On a 2's complement machine with a "count the number of leading zeros"
instruction, anyone can find the number of trailing zeros with a
(small) constant additionaly amount of work.

Conversely, on a 2's complement machine with a "count the number of
trailing zeros" instruction, I am aware of no fast method of counting
leading zeros.

I pose the former problem as an exercise to the reader.  Can anyone
give a solution to the latter problem?
				/AHM/THX

    Thanks, Alan, for pointing out what I had forgotten: that AC1 is
    fair game in FORTRAN-10 function routines.
    
    I still have a nagging feeling that there is a version of this
    algorithm which would operate on more than 2 bits at a time.  After
    all, it's merely a binary adaptation of the grade school paper and
    pencil method, and that one looks at a pair of decimal digits on
    each pass.  Can you think of a simple way of examining 4 bits at
    a time?

    There is a recent article in IEEE Proceedings, Vol 75 #2, p. 262,
    about sqrts with a Digital Signal Processor.
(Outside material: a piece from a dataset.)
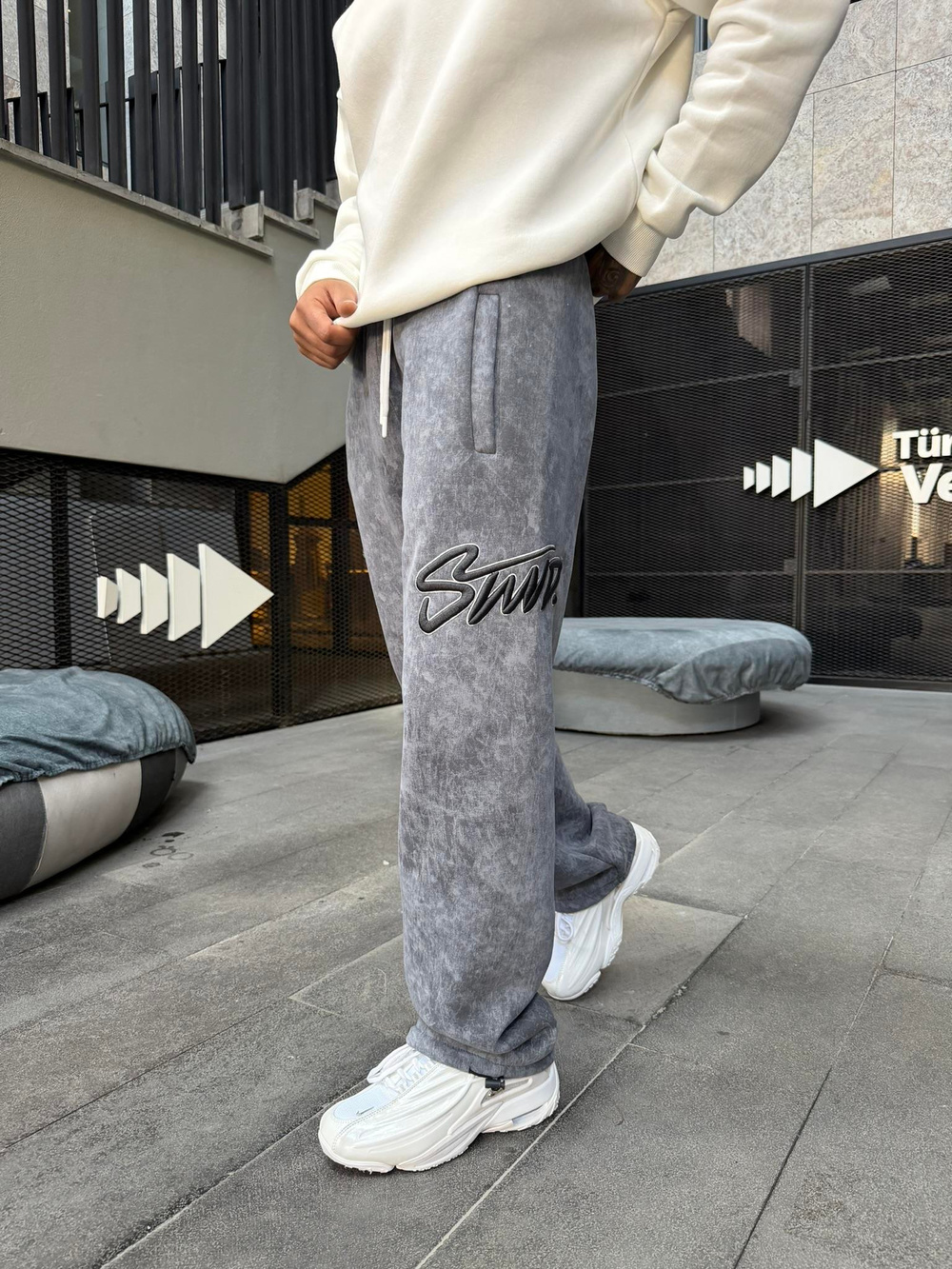 Premium Acid İşlemeli SW Yıkamalı Baggy Eşofman - Füme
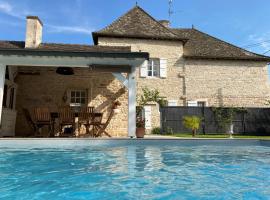 A picture of the hotel: Le pigeonnier de Saint-Loup Bed and Breakfast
It may be worth a look.
    
    Lynn

re .11:

> On a 2's complement machine with a "count the number of leading zeros"
> instruction, anyone can find the number of trailing zeros with a
> (small) constant additionaly amount of work.

Let the word size of the machine be N.  Let the argument be A.
If the "count the number of leading zeros" operator is leading(x), then
the number of trailing zeros is:

	trailing( A ) = N - leading( and( A, -A ) ) - 1

This is because and( A, -A ) yields a bit mask with a single 1 in the position
of the rightmost set bit in the argument.